Марьяна Торочешникова: А должен ли кто-то компенсировать убытки, например, компаниям, которые занимаются промыслом в Черном море, или курортному бизнесу, или жителям пострадавших районов? Люди, которые живут в Анапе и участвуют в сборе мазута с песка, пишут, что им просто нечем дышать: такое ощущение, что они круглосуточно находятся на нефтеперерабатывающем заводе. Власти должны за все это заплатить?
В течение года неоднократно будет повторное загрязнение берега
Владимир Сливяк: Я в это не верю, зная изнутри систему, которую построил Путин, и зная, как это было в случае с предыдущими авариями. Скорее всего, все закончится тем, что регионы выпросят себе какие-то дотации, может быть, какую-то помощь.
Марьяна Торочешникова: Как много времени потребуется, чтобы максимально ликвидировать последствия этой катастрофы?
Владимир Сливяк: Что касается вреда морской экосистеме, тут не так много можно сделать. Она будет естественным образом очищаться, но очень медленно: наверное, это займёт несколько десятилетий. Берег до какой-то степени вычистят, но я не уверен, что можно полностью его вычистить в российских условиях, из-за всего этого бардака, из-за очень неэффективной системы управления, которую построил Путин. Мы видим последствия этой системы. В течение этого года неоднократно будет повторное загрязнение берега. К весне, к лету станет более-менее ясно, каков объем ущерба.

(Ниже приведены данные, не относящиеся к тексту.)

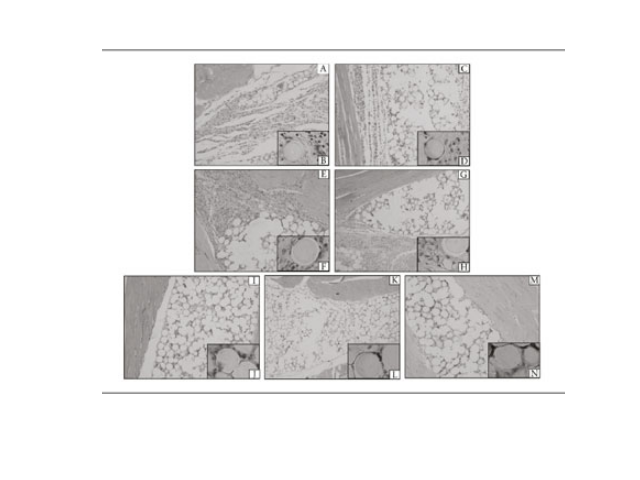 Photomicrography, stained with HE, of the skeletal musculature of BALB/c mice after implantation of Linnea Safe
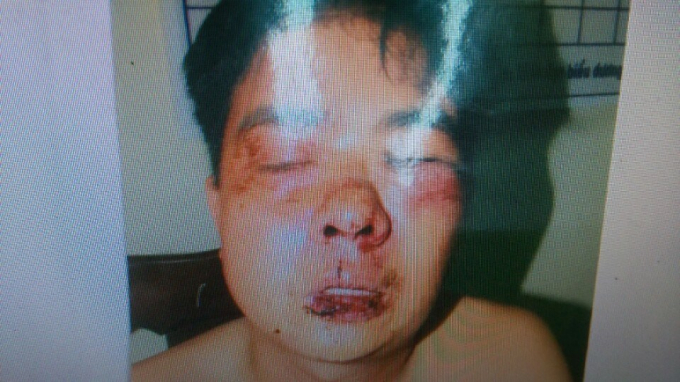 Anh Trần Đức Lợi bị những đối tượng tại nh&agrave; Th&agrave;nh Đốm h&agrave;nh hung khiến khu&ocirc;n mặt bị biến dạng nghi&ecirc;m trọng.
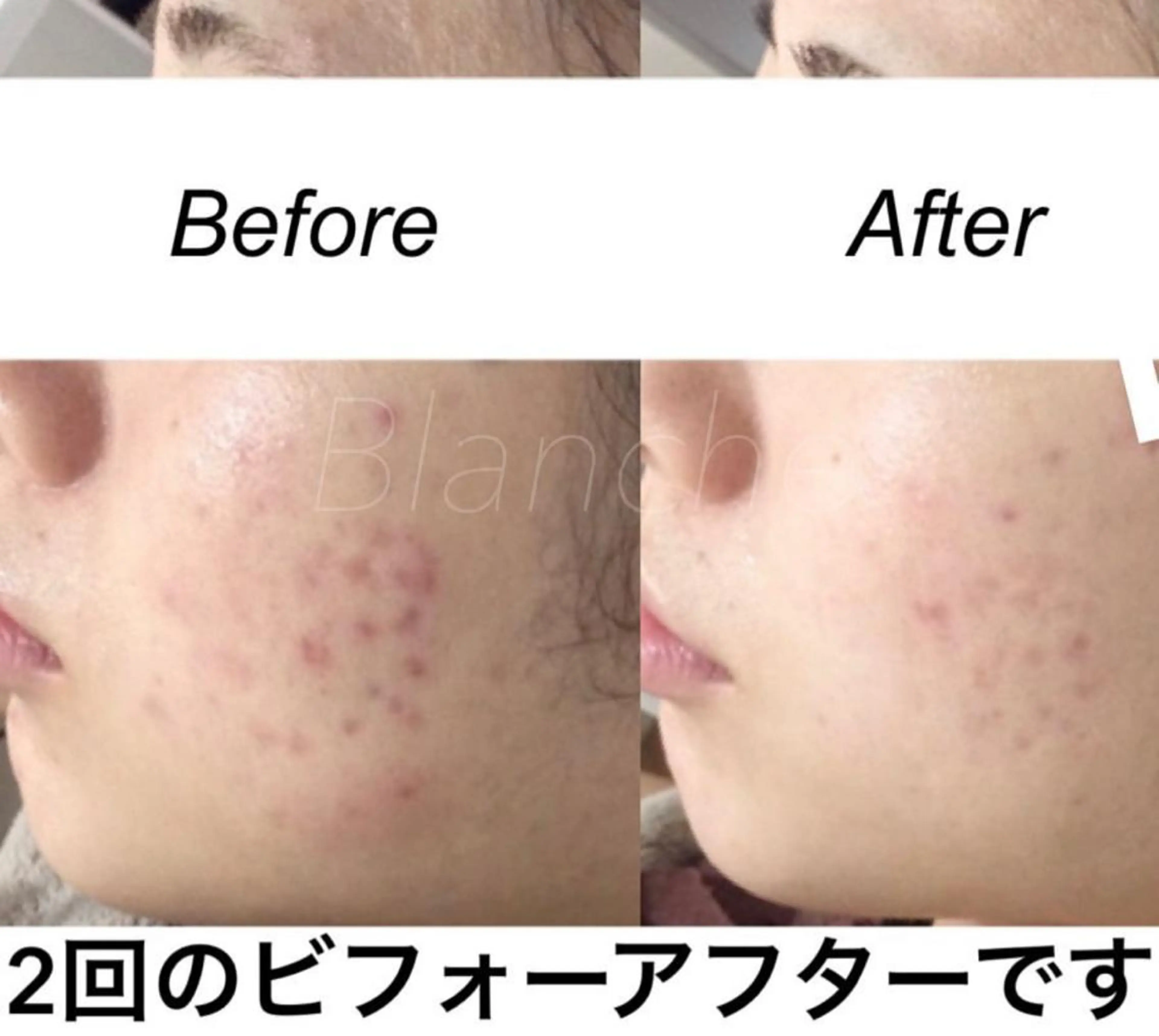 セミロング カラー パーマ ヘアアレンジ ネイル マツエク・マツパ エステ リラク 都度払い肌質改善 &脱毛Blancheのエステ・リラクイメージ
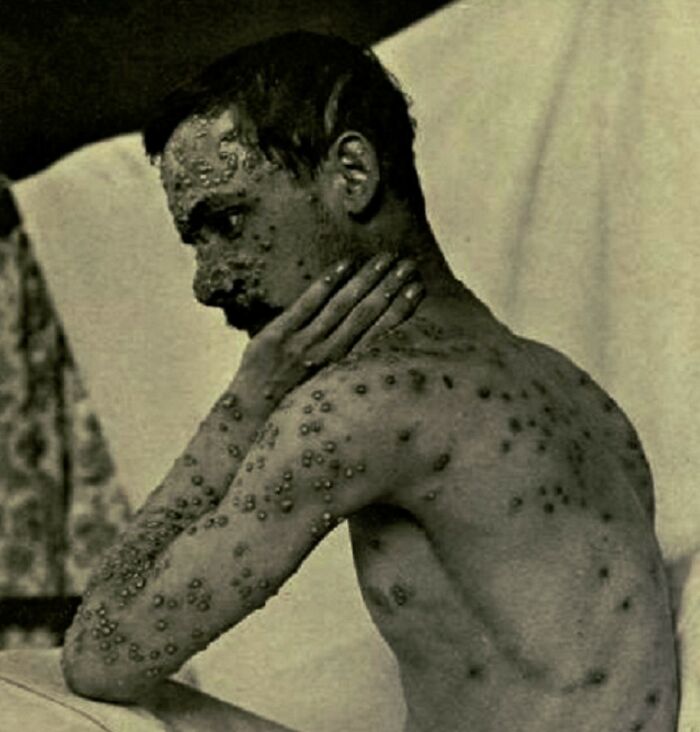 Man covered in sores sits pensively indoors, representing challenges similar to those faced in shipping containers.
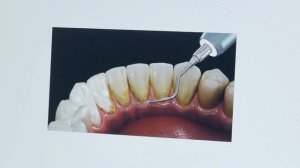 Щетка и паста не решат проблему. Врач докажет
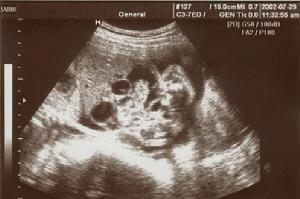 先天性十二指腸閉鎖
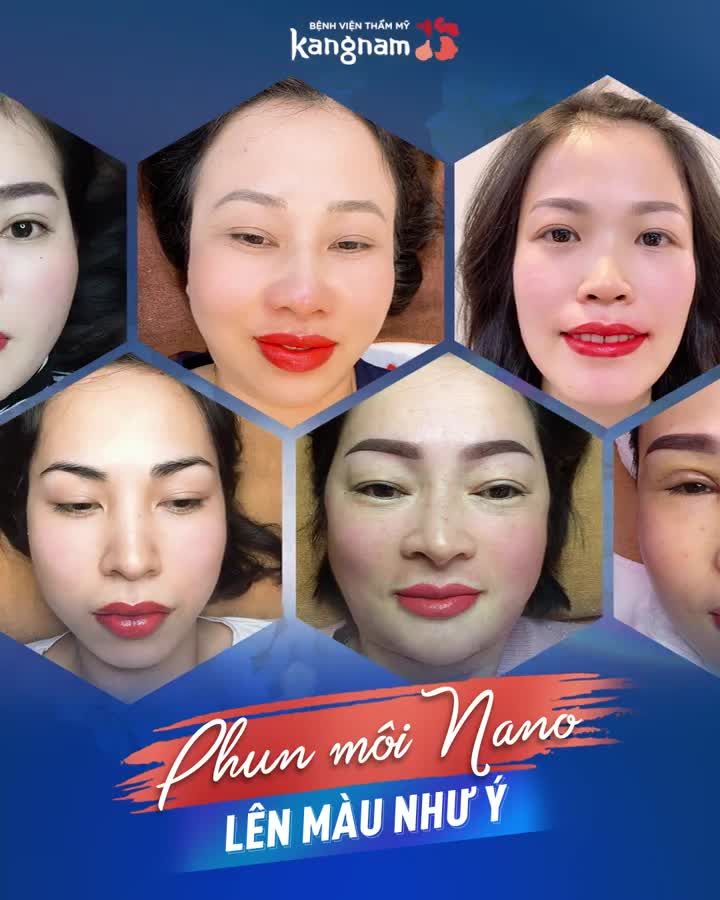 Kết quả mĩ mãn của các nàng phun môi Nano tại Kangnam Nhìn là nghiện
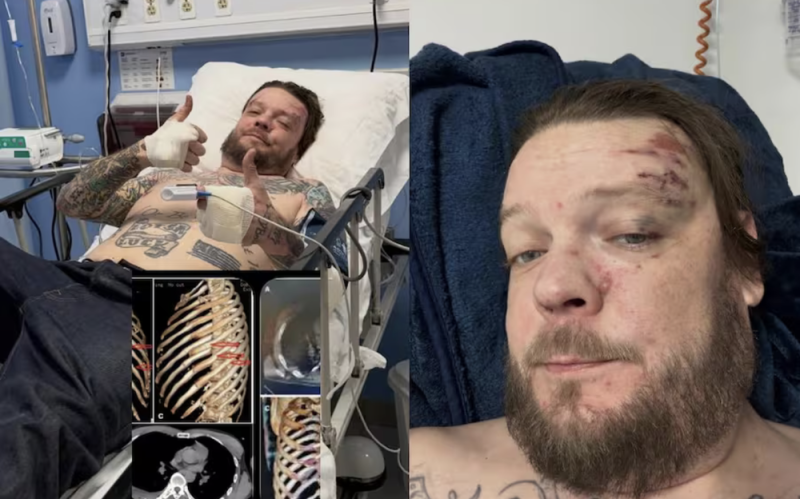 Corey Harrison, de ‘El precio de la historia’, sufre grave accidente en México y pide apoyo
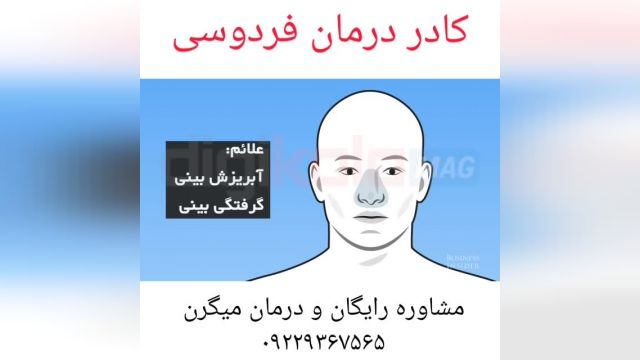 مشاوره و درمان کامل بیماری میگرن‌توسط کادر درمان فردوسی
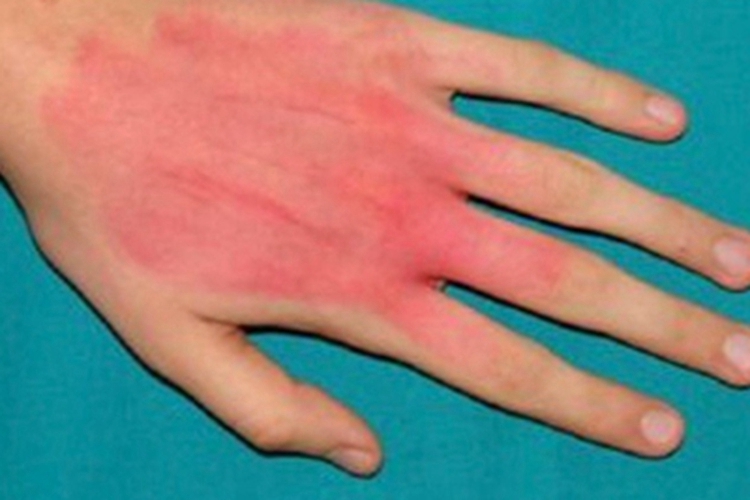 色汗症手背有大片红斑图 色汗症手背有大片红斑图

Марьяна Торочешникова: Насколько в России сейчас благоприятна экологическая ситуация с точки зрения предотвращения, профилактики возможных техногенных экологических катастроф? Насколько серьезно озадачены этим власти?
Владимир Сливяк: Ситуация катастрофическая! Смотрите: два очень старых танкера, которые вообще не должны были использоваться, каким-то образом оказались в море в сильный шторм и разломились пополам. Это возможно только при условии, что от самого верха до самого низа сидят чиновники, которые не соблюдают ни экологические стандарты, ни стандарты безопасности. Кто-то выпускал эти суда в море, кто-то выдавал на это лицензии! Совершенно очевидно, что эта крупнейшая в истории катастрофа в этом морском районе – следствие халатности властей, следствие существующей политической системы, в которой важно только то, что говорит самый главный начальник, а что говорят законы и нормы безопасности, вообще никого не волнует.
Я думаю, если устроить честную проверку, то выяснится, что очень много где в стране пренебрегают различными правилами безопасности. Мы вернулись примерно в то же состояние, в каком пребывал Советский Союз.